Vrijstelling Vpb voor stichting en vereniging, zo werkt het!
Vrijstelling bij relatief geringe winst
De winst van een stichting of vereniging kan in een jaar worden vrijgesteld van vennootschapsbelasting als de winst niet meer dan € 15.000 bedraagt. Bedraagt de winst in een jaar meer dan € 15.000, dan is de vrijstelling toch van toepassing als de winst van dat jaar zelf, opgeteld met de winsten van de vier voorafgaande jaren niet meer bedraagt dan € 75.000.

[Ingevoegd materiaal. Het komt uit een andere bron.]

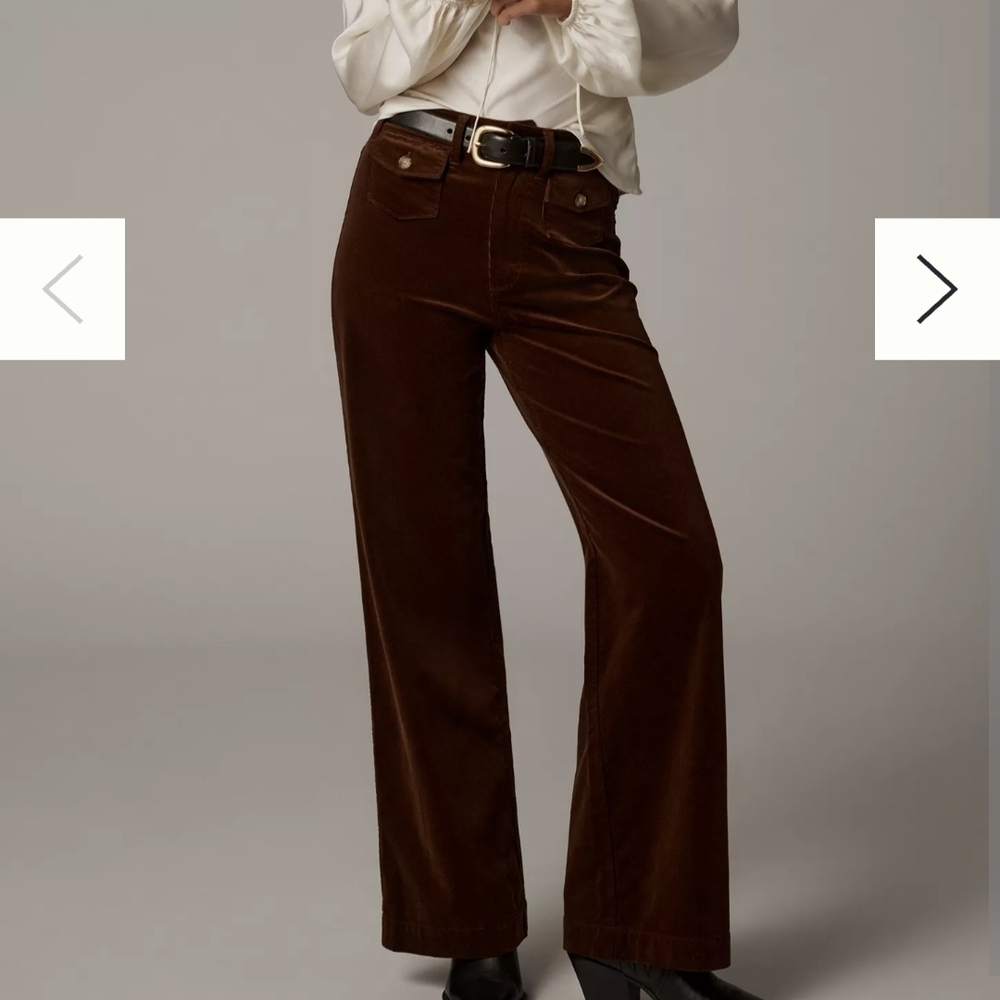 NWT PAIGE Anessa High-Rise Wide-Leg Patch-Pocket Jeans Chicory Coffee Size 31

Let op! Ook als een vereniging of stichting nog geen vijf jaar bestaat, blijft de winstgrens van € 75.000 van toepassing. Bij een winst in een startjaar 1 van € 30.000 en jaar 2 van € 35.000 en jaar 3 van € 5.000 is de vrijstelling gewoon van toepassing omdat het totaal niet hoger is dan € 75.000.
Automatische toepassing
Als een vereniging of stichting voor de vrijstelling in aanmerking komt, past de Belastingdienst deze automatisch toe. Als aangifte is gedaan, volgt een nihilaanslag.
Liever geen vrijstelling?
Soms is het voor een vereniging of stichting voordeliger om niet onder de vrijstelling te vallen, bijvoorbeeld om een verlies te kunnen verrekenen of om een eindafrekening (nadat er eerst wel belastingplicht was) te voorkomen. Men kan er dan voor kiezen om niet te worden vrijgesteld.
Let op! De keuze om niet onder de vrijstelling te vallen geldt voor een periode van vijf jaar. Let erop dat dit niet automatisch gaat en tijdig moet gebeuren. Beoordeel daarom ieder jaar of het verstandig is om de vrijstelling toe te passen. U moet voor het niet toepassen van de vrijstelling namelijk een brief sturen naar het belastingkantoor. Dit moet vóórdat de aangifte vennootschapsbelasting over het eerste jaar van de periode van vijf jaar is afgehandeld.
Expliciete uitspraak Belastingdienst
De Belastingdienst beveelt stichtingen en verenigingen aan om bij de aangifte te vermelden dat de vrijstelling van toepassing is. Dit kan door bij het punt ‘expliciet uitspraak Belastingdienst gevraagd’ te vermelden ‘vrijgesteld op grond van artikel 6 Wet Vpb’.